NONG: Apa pentingnya membahas tema-tema tersebut untuk konteks Indonesia sekarang?

KAUTSAR: Tema-tema itu tidak datang dengan sendirinya. Kita mengambilnya dari realitas sosial yang terjadi di masyarakat kita sehari-hari. Kita sering menyaksikan --misalnya-- para pejabat menghadiri peringatan Natal dan mengucapkan selamat Natal. Pembawa acara di televisi pun umumnya tak sungkan mengucapkan selamat Natal. Kita secara ringan saja mengucapkan salam kepada nonmuslim, atau ada juga yang melakukan perkawinan beda agama.

Nah, semua itu merupakan persoalan-persoalan yang riil di masyarakat. Tapi sayangnya, belum ada fikih yang membicarakan persoalan tersebut secara agak tuntas. Kalaupun fikihnya ditemukan, dia hanya berbentuk fikih klasik yang belum tentu mampu memberi jawaban atas persoalan-persoalan kekinian yang riil di masyarakat yang bercorak pluralistis. Makanya kita butuh fikih baru. Saya melihat, fikih lama yang menurut saya cenderung eksklusif itu, tidak cocok lagi menanggapi tantangan-tantangan masyarakat kini, yang anggota-anggotanya sudah memiliki kesadaran akan pentinganya pluralisme. Jadi, kalau ada teologi pluralis, kita juga butuh fikih pluralis. Fikih yang eksklusif tidak akan cocok dengan teologi pluralis. Fikih yang cenderung eksklusif hanya cocok untuk teologi yang eksklusif. Jadi, memang ada pasangannya masing-masing.

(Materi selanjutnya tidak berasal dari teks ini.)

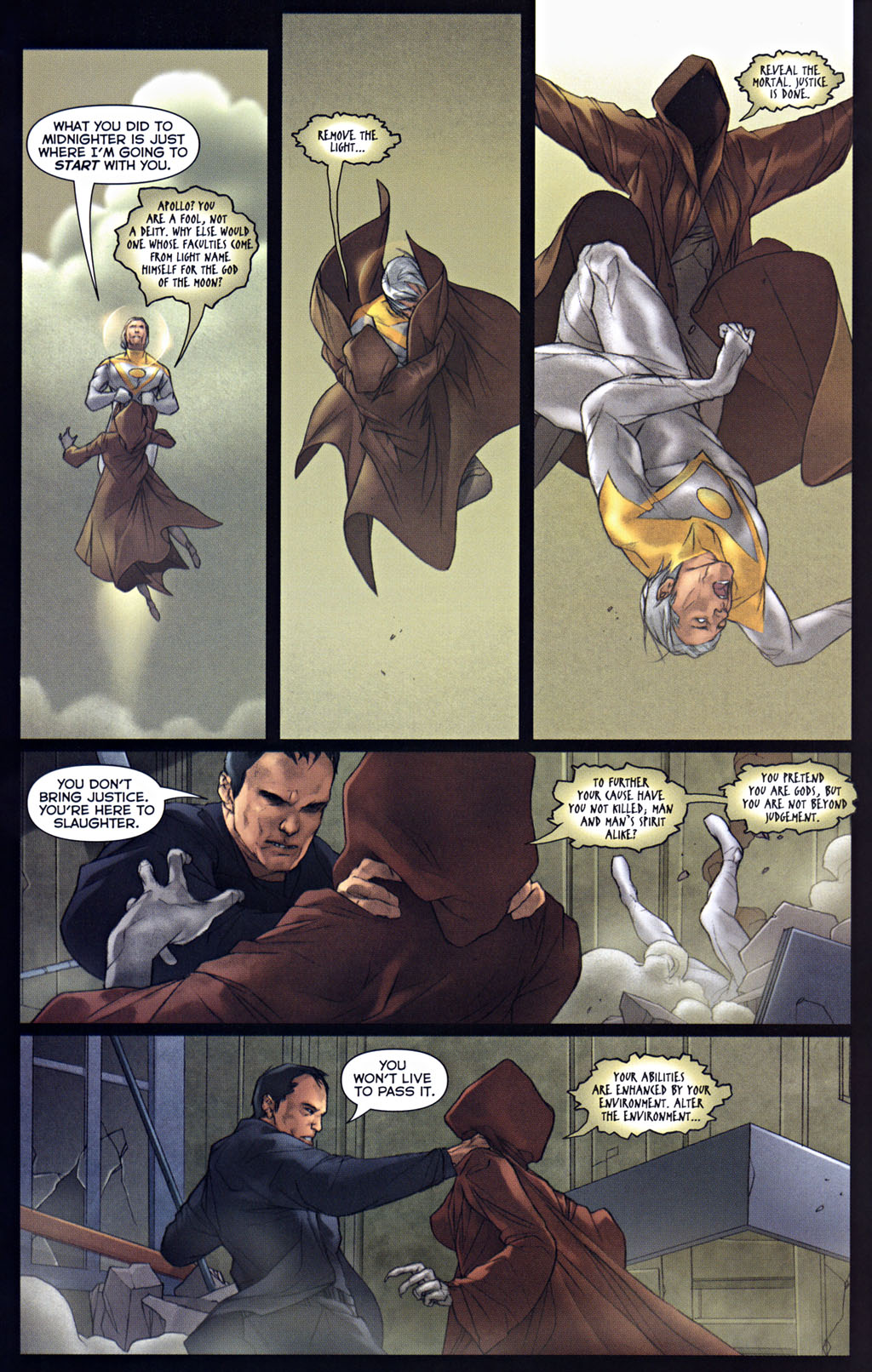 Read online The Authority: Human on the Inside comic -  Issue # TPB - 29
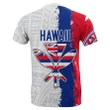Hawaii Flag T-shirt - Mystic Style - AH J4 - Alohawaii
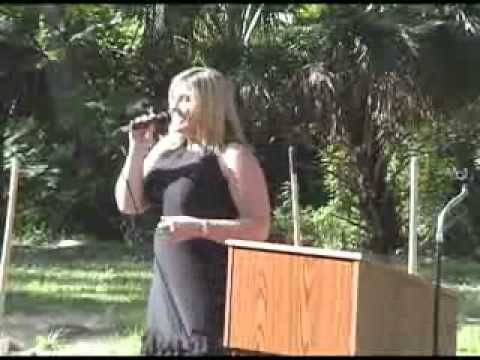 Talesha Hogan shares Unconditional Love at Angel of Hope Ground Breaking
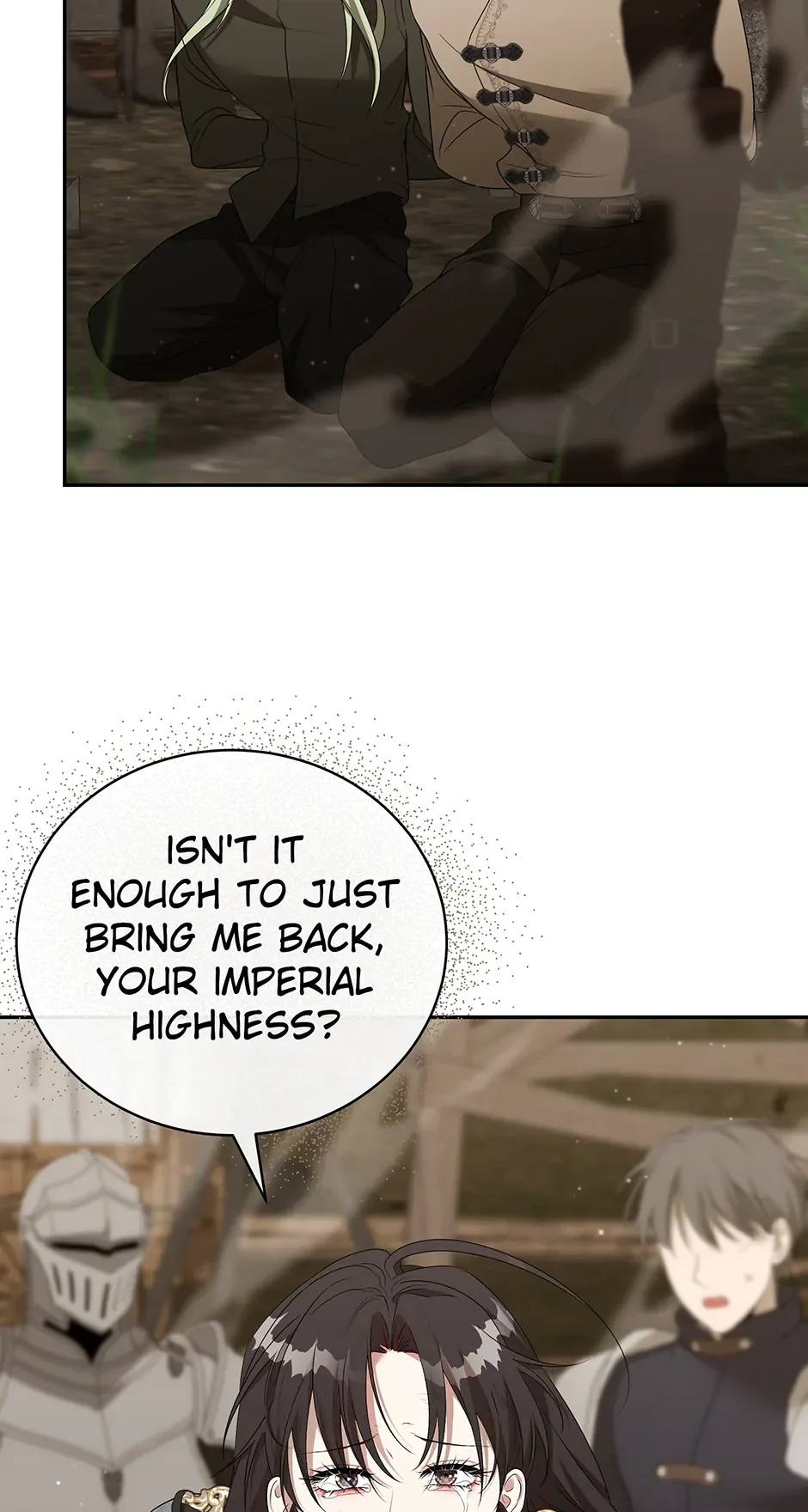 At The End Of The Hidden Greenery Chapter 28 page 55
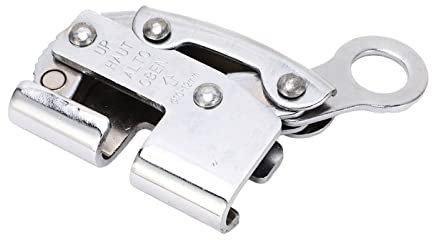 Kletter-Sicherheitsausrüstung – Selbstsichernder Seilgreifer, Absturzsicherung, Sicherheitsgurt, Seilgreifer – Hergestellt aus Starkem Legiertem Stahl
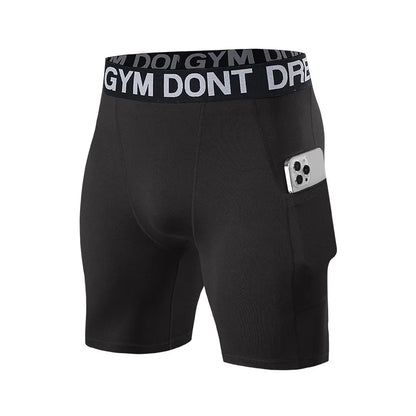 Compression Fitness Shorts Men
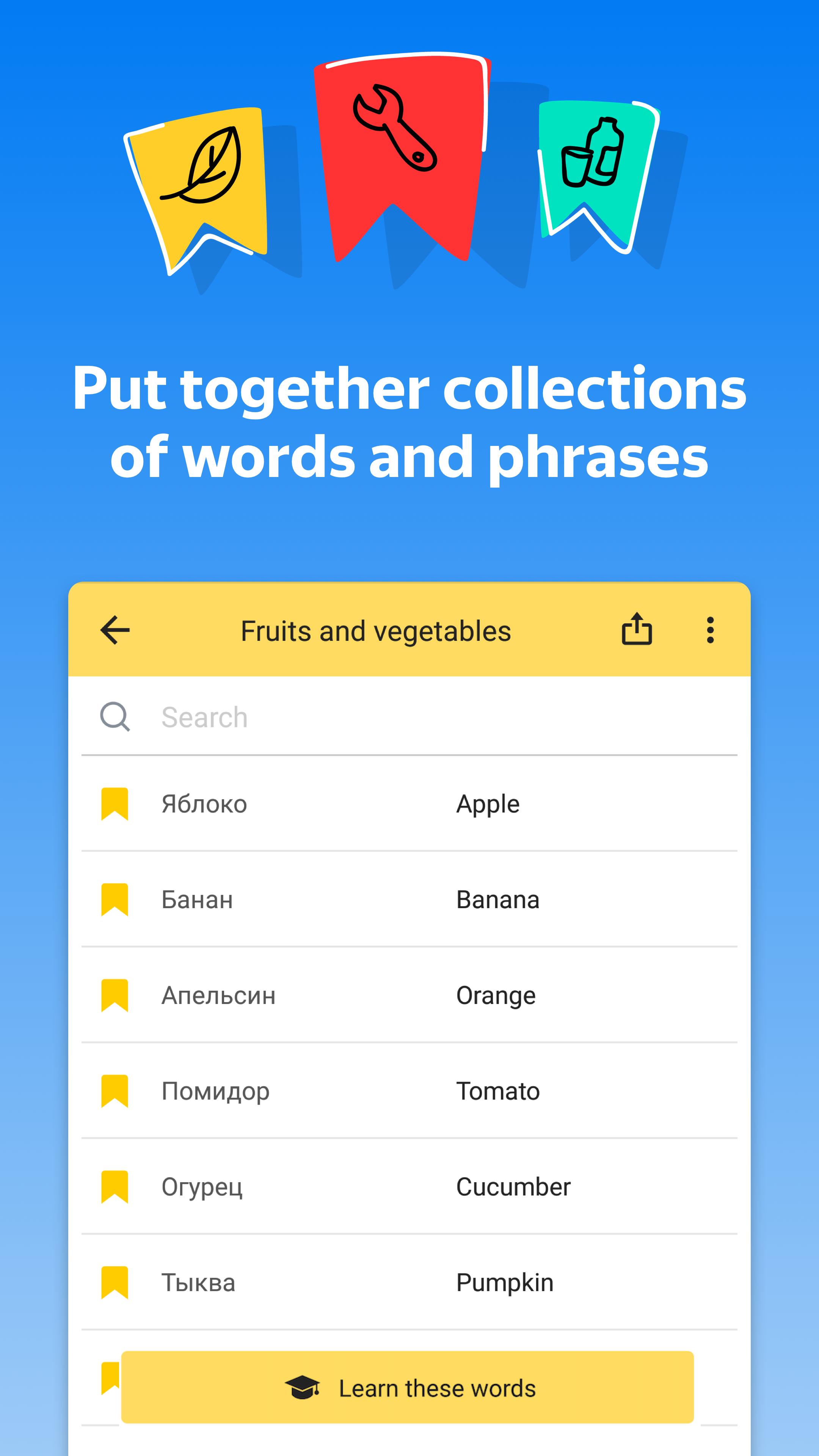 Yandex.Translate – offline translator & dictionary 20.6.10 Screenshot 5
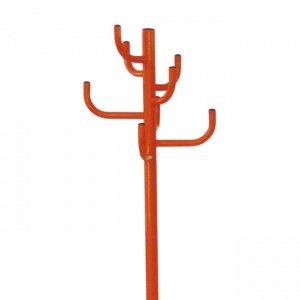 Garderobenständer Kaktus orange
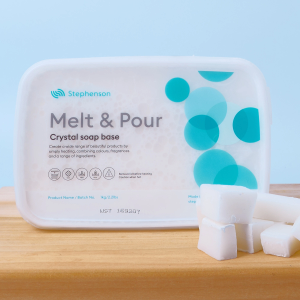 Standard White Melt & Pour Soap Base, 1Kg - Stephenson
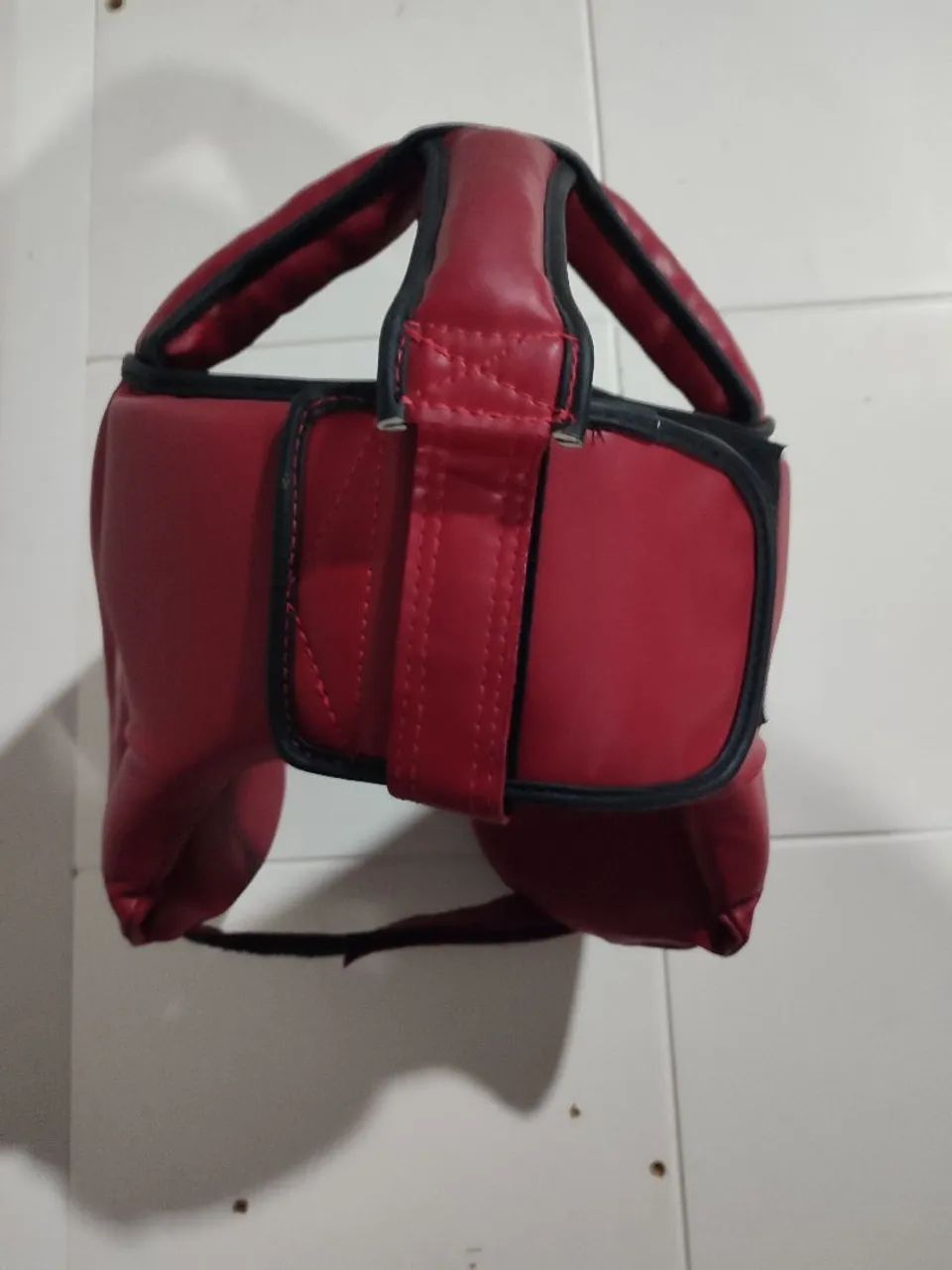 Protetor de cabeça/ capacete - Boxe  - Foto 3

NONG: Tadi Anda menyebut fikih klasik sudah membahas sebagian dari tema-tema fikih lintas agama, tapi visinya masih eksklusif. Bisa Anda lebih jelaskan lagi?

KAUTSAR: Hm, memang untuk sebagaian sudah ada (pembahasannya). Misalnya, soal kawin beda agama. Dalam soal itu, sudah ada dua pendapat. Pendapat yang mayoritas dan sangat populer memang mengharamkan nikah beda agama. Meski begitu, bukan berarti tidak ada pendapat yang membolehkan. Hanya saja, yang dominan kan yang mengharamkan. Itu satu contoh.

Nah, ada persoalan-persoalan lain seperti soal doa bersama, yang juga perlu dibahas. Saya tidak tahu, apakah pada zaman Nabi dulu, doa bersama punya preseden atau tidak. Sekarang, praktik itu sering dilakukan orang. Kalau kita lihat, yang melakukan itu justru tokoh-tokoh dari semua agama. Itu persoalan riil. Perlu ada jawaban konkret.

NONG: Anda sendiri mengartikan fikih seperti apa?

KAUTSAR: Fikih itu berarti pemahaman, kan?! Pemahaman yang dimaksud di sini, jelas pemahaman manusia. Dan dilihat dari sisi itu, jelas akan berbeda-beda dan sangat berkemungkinan untuk salah. Alqur’an memang tidak salah, tapi pemahaman kita tentang Alqur’an, pasti bisa salah. Fikih yang kita bikin itu memang bisa salah. Sesuatu yang kita anggap benar, bisa saja salah menutur perspektif Tuhan. Sebaliknya, apa yang kita anggap salah, bisa jadi itulah yang benar di mata Tuhan. Kita tidak tahu (rahasia Tuhan), kan?!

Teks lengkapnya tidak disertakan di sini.